Dari ketentuan-ketentuan tersebut dapat kita ketahui bahwa pemberian hipotek dilakukan dengan pembuatan Akta Hipotek Kapal  di hadapan Pegawai pendaftaran dan pencatat balik Nama Kapal – Kapal, Yang dibantu oleh pegawai pembantu pendaftaran kapal-kapal di kantor syahbandar setempat tempat kapal didaftarkan. Setelah pembuatan akta hipotek Kapal tersebut selesai, maka harus dilakukan pencatatan/pendaftaran pemberian Hipotek atas Kapal itu dalam Buku Daftar yang disediakan untuk itu (pasal 315 Kitab Undang-Undang Hukum Dagang), sebagai tanda telah terbitnya pembebanan Hipotek atas Kapal guna memenuhi syarat publisitas dari pembebanan Hipotek, Dan dengan pendaftaran itu pula hak-hak istimewa dari Hipotek, yang berupa droit de preference dan droit de suite dapat dilaksanakan oleh kreditor atas Kapal yang dijaminkan dengan Hipotek tersebut.
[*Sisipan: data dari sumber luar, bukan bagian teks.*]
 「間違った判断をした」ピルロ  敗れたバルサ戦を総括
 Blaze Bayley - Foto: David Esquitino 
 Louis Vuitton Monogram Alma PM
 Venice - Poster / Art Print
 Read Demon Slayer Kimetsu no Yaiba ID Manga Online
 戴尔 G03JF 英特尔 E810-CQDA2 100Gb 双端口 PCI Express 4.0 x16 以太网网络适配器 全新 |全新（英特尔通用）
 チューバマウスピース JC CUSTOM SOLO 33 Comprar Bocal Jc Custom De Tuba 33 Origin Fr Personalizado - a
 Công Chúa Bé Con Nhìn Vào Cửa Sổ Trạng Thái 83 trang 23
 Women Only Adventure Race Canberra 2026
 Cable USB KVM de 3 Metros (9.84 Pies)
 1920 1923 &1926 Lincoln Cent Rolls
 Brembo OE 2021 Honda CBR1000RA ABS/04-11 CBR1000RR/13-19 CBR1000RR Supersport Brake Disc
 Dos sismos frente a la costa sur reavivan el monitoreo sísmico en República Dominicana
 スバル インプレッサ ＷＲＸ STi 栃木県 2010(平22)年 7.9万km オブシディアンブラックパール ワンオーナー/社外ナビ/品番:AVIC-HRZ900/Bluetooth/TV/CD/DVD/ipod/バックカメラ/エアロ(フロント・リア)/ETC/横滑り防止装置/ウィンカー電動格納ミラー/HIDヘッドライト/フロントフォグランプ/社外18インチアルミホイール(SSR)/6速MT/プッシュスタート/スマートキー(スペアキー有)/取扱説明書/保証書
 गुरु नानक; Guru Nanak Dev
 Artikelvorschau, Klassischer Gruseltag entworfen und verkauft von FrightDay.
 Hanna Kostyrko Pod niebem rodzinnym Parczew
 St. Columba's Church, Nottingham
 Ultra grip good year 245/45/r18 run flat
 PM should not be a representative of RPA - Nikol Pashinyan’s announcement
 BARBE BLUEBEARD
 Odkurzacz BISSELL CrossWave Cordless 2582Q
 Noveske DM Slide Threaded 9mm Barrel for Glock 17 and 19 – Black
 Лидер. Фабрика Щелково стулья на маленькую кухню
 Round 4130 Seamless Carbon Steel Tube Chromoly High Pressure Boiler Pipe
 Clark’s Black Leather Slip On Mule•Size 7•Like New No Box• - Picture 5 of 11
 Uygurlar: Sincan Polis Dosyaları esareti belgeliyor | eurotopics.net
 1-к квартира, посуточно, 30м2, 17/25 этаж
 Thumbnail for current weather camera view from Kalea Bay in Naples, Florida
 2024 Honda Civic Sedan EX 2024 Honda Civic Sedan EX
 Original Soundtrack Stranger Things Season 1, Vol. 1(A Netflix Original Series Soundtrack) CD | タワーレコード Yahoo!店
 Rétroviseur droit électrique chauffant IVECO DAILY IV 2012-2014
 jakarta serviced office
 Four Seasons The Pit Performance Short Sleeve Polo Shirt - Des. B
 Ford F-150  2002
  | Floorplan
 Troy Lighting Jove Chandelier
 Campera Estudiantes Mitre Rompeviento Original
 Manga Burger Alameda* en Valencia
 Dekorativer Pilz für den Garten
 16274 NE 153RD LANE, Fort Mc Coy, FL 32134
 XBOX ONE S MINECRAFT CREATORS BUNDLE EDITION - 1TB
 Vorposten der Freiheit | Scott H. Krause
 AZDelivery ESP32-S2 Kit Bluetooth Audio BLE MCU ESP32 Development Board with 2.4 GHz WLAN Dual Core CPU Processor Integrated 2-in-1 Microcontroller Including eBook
Dokumen-dokumen yang Harus Diperiksa Kelengkapannya
Sebagai konsekwensi dari pembebanan Hipotek tersebut, beberapa dokumen yang disebutkan di bawah ini, perlu untuk di periksa oleh kreditor akan kebenaran dari kelengkapannya :
a.   Grosses Akta Pendaftaran Kapal (sementara), atau Grosse Akta Balik Nama Kapal;
b.   Surat Izin Perusahaan Pelayanan (SIUPP); dan
c.   Keterangan mengenai Spesifikasi Kapal yang dihipotekkan.
Grosse Akta Pendaftaran Kapal (sementara) atau Grosse Akta Balik Nama Kapal perlu dikuasai secara fisik oleh kreditor selaku pemengang Hipotek atas kapal tersebut,

Perjanjian Lainnya Yang Diperlukan Sebagai Kelengkapan yang menyertai Hipotek Kapal
Selain dari pembuatan Akta Hipotek dan pendaftarannya sebagaimana kita sebutkan di atas, beberapa macam perjanjian yang di sebutkan di bawah ini perlu juga untuk dibuat guna mengamankan Kepentingan kreditor terhadap kesanggupan debitor untuk melunasi utangnya. Perjanjian-perjanjian tersebut adalah :
1.   Perjanjian Pengalihan Hak atas klaim Asuransi Kapal;
2.   Perjanjian Pengalihan Hak atas Tagihan Pencarteran Kapal yang di miliki oleh debitor atas pihak ketiga yang mencarter kapal debitor
3.   Perjanjian gadai atas Perjanjian Pencarteran Kapal yang dibuat oelh debitor dengan pihak ketiga.
Perjanjian Pengalihan Hak atas klaim Asuransi Kapal memungkinkan debitor untuk memperoleh pelunasan dari debitor seketika atas utang-utangnya yang dijaminkan dengan kapal tersebut, dalam hal kapal tersebut  mengalami kerugian (kecelakaan) laut. Dan dengan di buatnya pengalihan Hak atas Klaim Asuransi tersebut, berarti penggantian atas klaim yang di berikan oleh pihak Asuransi tersebut hanya akan dapat di terima secara langsung oleh kreditor, sebagai pihak yang memiliki kepentingan atas kerugian yang diderita oleh kapal tersebut. Selanjutnya pemanfaatan hasil penggantian klaim asuransi diserahkan pada perjanjian kredit antara kreditor dan debitor. Yang jelas dalam hal ini, apa pun perjanjian yang di sepakati, kreditor tidak akan rugi karenannya.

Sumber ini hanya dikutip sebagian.